The last digit of a number is the digit at the very end, also called the unit digit. In this lesson, we will focus on how to find out the last digit of a calculation, without knowing what the whole answer is.

Imagine that you are going to add two numbers. For example $744 + 418$. The most common way to do this by hand is to do long addition. You write the numbers on top of each other and then add the numbers digit by digit from the right to left. You probably notice that you know the last digit of the sum already when you have added $4$ with $8$ and gotten $12$. So you will have written that the sum ends in $2$ and carried the $1$ to the tens place. The important thing here is that we can know that $744 + 418$ ends in $2$, without doing the full calculation and knowing that the sum computes to $1162$. We can do this by looking at the sum of the last digits, $4 + 8 = 12$ and see that this ends in $2$.

Why is it like that? The example actually shows this quite clearly. When we added the last digits we got $12$, with $1$ carrying over to the next digit. We only have digits that carry from right to left, never from left to right. Therefore, only the last digits affect what the last digit in the answer will be.

Another way to illustrate this is to split off the last digit from the numbers we add. For example, $744 = 740 + 4$ and $418 = 410 + 8$. Then $744 + 418 = (740 + 4) + (410 + 8)$. Since $740$ and $410$ both end in $0$, they do not affect the last digit. So it is enough to look at the last digit of the sum $4 + 8$.

The same idea works for multiplication. If you want to multiply two large numbers $744 \cdot 418$, it is enough to look at the product of the last digits, $4 \cdot 8 = 32$, and see that the last digit becomes $2$. Feel free to think about what this would look like if you did the multiplication by hand with pen and paper.

To illustrate this, we can do in the same way as for addition. By dividing the numbers as $744 = 740 + 4$ and $418 = 410 + 8$. Now $744 \cdot 418$ becomes $(740 + 4) \cdot (410 + 8)$. This is the same as $740 \cdot 410 + 740 \cdot 8 + 4 \cdot 410 + 4 \cdot 8$. Here, all terms except $4 \cdot 8$ contain a factor ending in $0$, and will therefore not affect the last digit.
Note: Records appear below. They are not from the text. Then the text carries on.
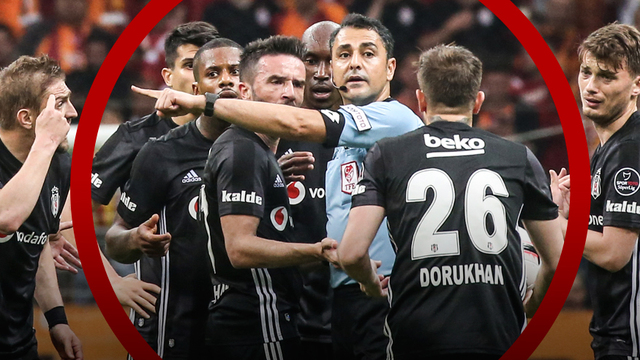 Gökhan Gönül'den şok sözler!
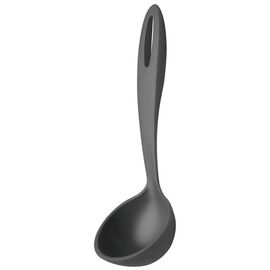 Половник Tramontina Ability Blini Graphite (25159/160)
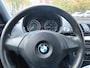 BMW 1-Serie 116i Airco Cruisecontrol 5 Drs 6 Bak Lm Velgen
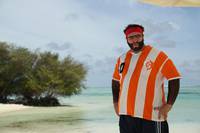 Кадр Реджеп Иведик 4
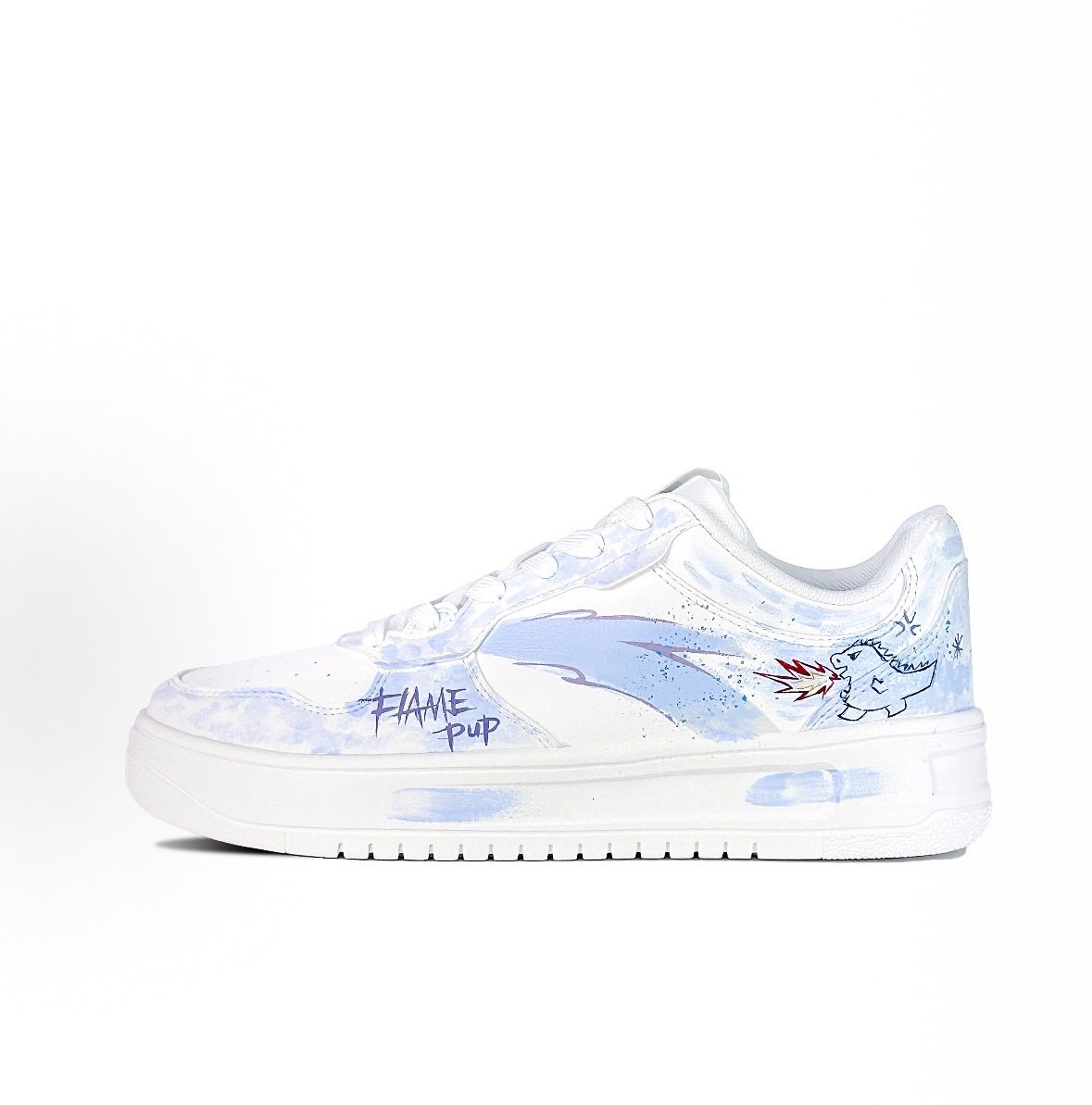 【定制球鞋】Anta安踏 轻松 云绒龙仔 舒适百搭 校园风 耐磨增高,运动鞋new,板鞋,淘宝优惠券,粉丝福利购,淘宝优惠卷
OBS! The corresponding does not work for division! For example, $\frac{12}{2} = 6$, but if we do the same calculation with the last digits, we get $\frac{2}{2} = 1$. This has to do with the fact that it doesn't make sense to split up $12$ as $10 ​​+ 2$ because $\frac{10}{2} = 5$ doesn't end in $0$. Examining only last digits generally doesn't work with division.

We will now go through how to calculate the last digit for powers such as $13^8$. If you do not know what powers are, you can briefly say that powers are repeated multiplication. $13^8 = 13 \cdot 13 \cdot 13 \dots 13$, in total a count of eight $13$ times each other.

A first simplification is that $13^8$ has the same last digit as $3^8$. We can understand this with the argument for last digits in multiplication that we learned earlier. If we multiply $13 \cdot 13 \cdot 13 \dots 13$, it will have the same last digit as if we multiply $3 \cdot 3 \cdot 3 \dots 3$.

After that, we can do the multiplication step by step and delete the numbers that are not last numbers because they will not affect the last number in the answer.

What is the last digit in $13^8$?

Maybe you noticed that the last digits in the example are repeated. The last digits were $3, 9, 7, 1, 3, 9, 7, 1$. If we think about it it is only the previous last digit that determines what the next last digit will be, since we take that number times $3$. Then we could really as soon as we saw that $3 ^ 5$ had the last digit $3$, the same as $3 ^ 1$ understand that the last digit would be repeated as $3, 9, 7, 1$ over and over again. We can use this to calculate the last digit of even larger powers, such as $13 ^ {501}$. Since it is a repeating cycle, we only need to know where in the cycle $13 ^ {501}$ ends up. The digits are repeated in a cycle of length $4$ and we wonder what number $501$ is in that cycle. We can find out with a remainder from division. If we divide $501$ with $4$ we get $\frac {501} {4} = 125$ and remainder $1$. We can see this as going $125$ laps and then one more step. Then we end up with the first element in the cycle, $3$. Another way of looking at it is that the last digit for $13 ^ {501}$ is the same as $13 ^ 1$, just $125$ rounds earlier, which has last digit $3$.

The method for finding the last digit for large powers is thus to calculate what the initial last digits will be, until they start to repeat themselves. They will always eventually repeat because there are only $10$ different last digits possible and as soon as the same last digit has appeared twice, the digits will repeat as they did in between. When you know what digits are included in the cycle and how long it lasts before it repeats itself, the last step is to find out where in the cycle the power you are looking for ends up. We do this with the help of a remainder from division. For example if a cycle is $4$ digits long and the power is $247$ after removing the part before the cycle starts (if there is such a part) we just need to divide $247$ with $4$ and see that the remainder is $3$ to know that it is the third digit in the cycle.